We've all heard the news about the detection by gravitational waves of two black holes, one 29 solar masses and the other 36 solar masses, spiraling into each other to create a single black hole of 62 solar masses.

For me, the loss of three solar masses into the gravitational waves over a fraction of a second is the most amazing aspect of this. I can understand how the waves were created (and mass changed into broadcast energy) by the spiraling motion of the black holes as they did their final do-si-do, and it's clear that losing that energy was a necessary part of their joining; otherwise they would have orbited forever.

However, does the amount of mass lost depend on just how the two holes merged? For instance, if they had rammed each other head-on, would they still have somehow lost that amount of energy?

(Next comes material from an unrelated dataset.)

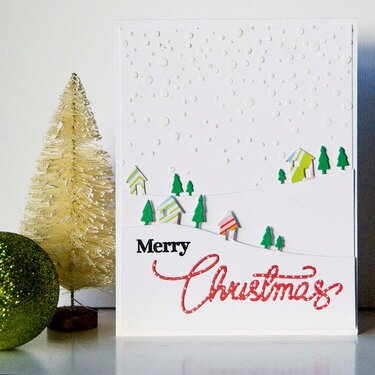 Merry Christmas Village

I expect that less energy would have been diverted into the resultant black hole's spinning, but I don't know how that would have changed the resulting mass.


2 Answers 2


Yes. The amount of energy radiated as gravitational waves will depend on the details of the two black holes before the merger. The answers to questions like:

  • Was the orbit circular or elliptical?
  • Were they spinning?
  • Were the spins of the black holes aligned with the orbital plane?

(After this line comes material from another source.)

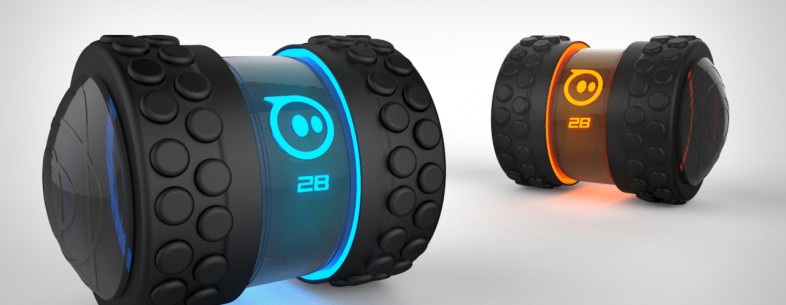 Sphero2b - Smartphone controlled robotic ball toy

will affect the energy of the gravitational waves. The most import detail in terms of energy radiated is the mass ratio of the two precursor black holes.

The final mass of the system $M_\mathrm{fin}$ is always less than the original total mass ($m_1 + m_2$), since some of the mass energy gets converted to gravitational waves, $M_\mathrm{rad}$.

$$M_\mathrm{fin} + M_\mathrm{rad} = m_1 + m_2 $$

Because of something akin to the second law of thermodynamics the final black hole must be bigger than the biggest original black hole. Basically, you can't radiate so much energy in gravitational waves that a black hole shrinks.

$$M_\mathrm{fin} > m_1 \quad \mathrm{and} \quad M_\mathrm{fin} > m_2$$

We can define the fraction of mass radiated aways as:

$$ e = \frac{M_\mathrm{rad}}{m_1 + m_2} $$

This is sometimes called the efficiency of radiation.

If the black holes have about the same mass (as they did in the LIGO detection), about 5% of the total mass will be radiated away. This is the most efficient possibility.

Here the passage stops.